Alberta’s major oilsands producers want you to look at a barrel of bitumen and see a pool noodle.
A leaked PR campaign from the oilsands giants shows the companies are eager to rebrand the carbon-intensive industry as a net-zero resource that effortlessly turns its emissions into everything from water toys to carbon fibre boats and microchips.
Currently being tested in focus groups, the Oil Sands Pathway Alliance campaign focuses on transforming carbon into everyday products with the tagline “Energy. Beautifully Designed.”
A pitch video, initially posted online for focus group participants to view, but which has now been taken down, was sent to The Narwhal by Keith Stewart, senior energy strategist with Greenpeace Canada, shows what the campaign will prioritize.
“Creating jet fuel out of our petroleum while using carbon from that process to make carbon fibre boats is a beautiful thing,” a voice over the video says.

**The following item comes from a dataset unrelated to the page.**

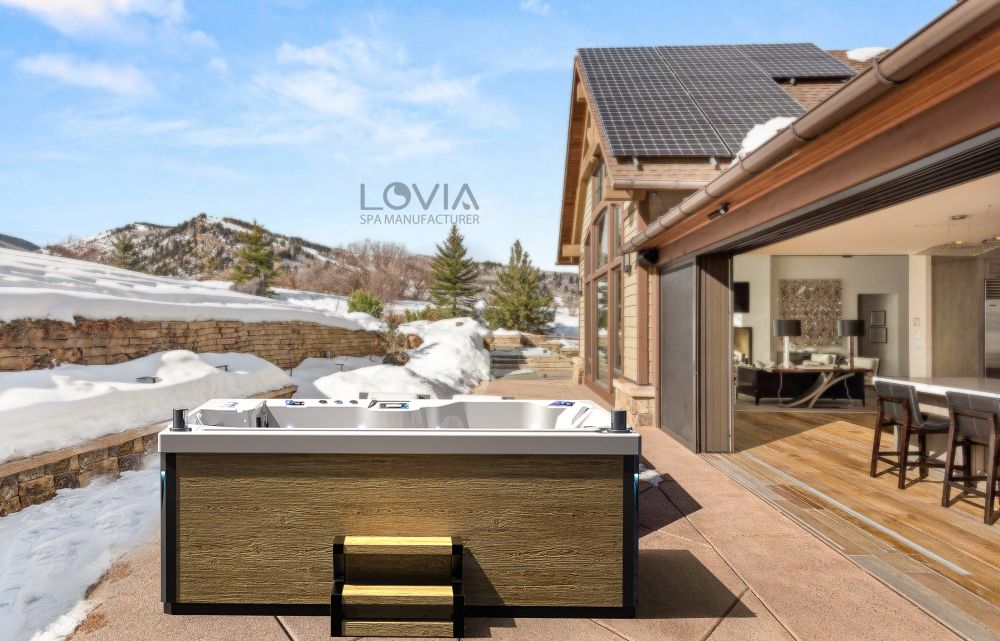 What kind of outdoor massage bathtub is suitable for home use?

“Developing microchips out of carbon capture for refined oil is beautiful. Producing barrels of oil and making Styrofoam chips out of the resulting carbon. That’s beautiful. Producing oil and from the resulting carbon making pool noodles that kids can float on. Beautiful.”
The campaign was prepared for a group composed of Suncor, Imperial, Canadian Natural Resources, MEG Energy, ConocoPhillips and Cenovus, who together are responsible for what they say is about 95 per cent of oilsands production. Only MEG Energy responded to The Narwhal’s requests for comment, reiterating statements given by Pathways Alliance.
The alliance was formed to push forward a plan for net-zero emissions from the oilsands by 2050.
But the focus on promoting positive messages about the oilsands, as revealed in the leaked material, is only the latest in a series of public relations and marketing campaigns over the years by both industry and government. Many of the campaigns were aimed at countering criticism about environmental impacts of extracting heavy oil from Alberta’s oilsands, a region that holds the world’s third largest reserves of crude, after Saudi Arabia and Venezuela, and requires large amounts of energy and water in production.
“I think this will be the fifth or sixth attempt to rebrand the oilsands,” Stewart said.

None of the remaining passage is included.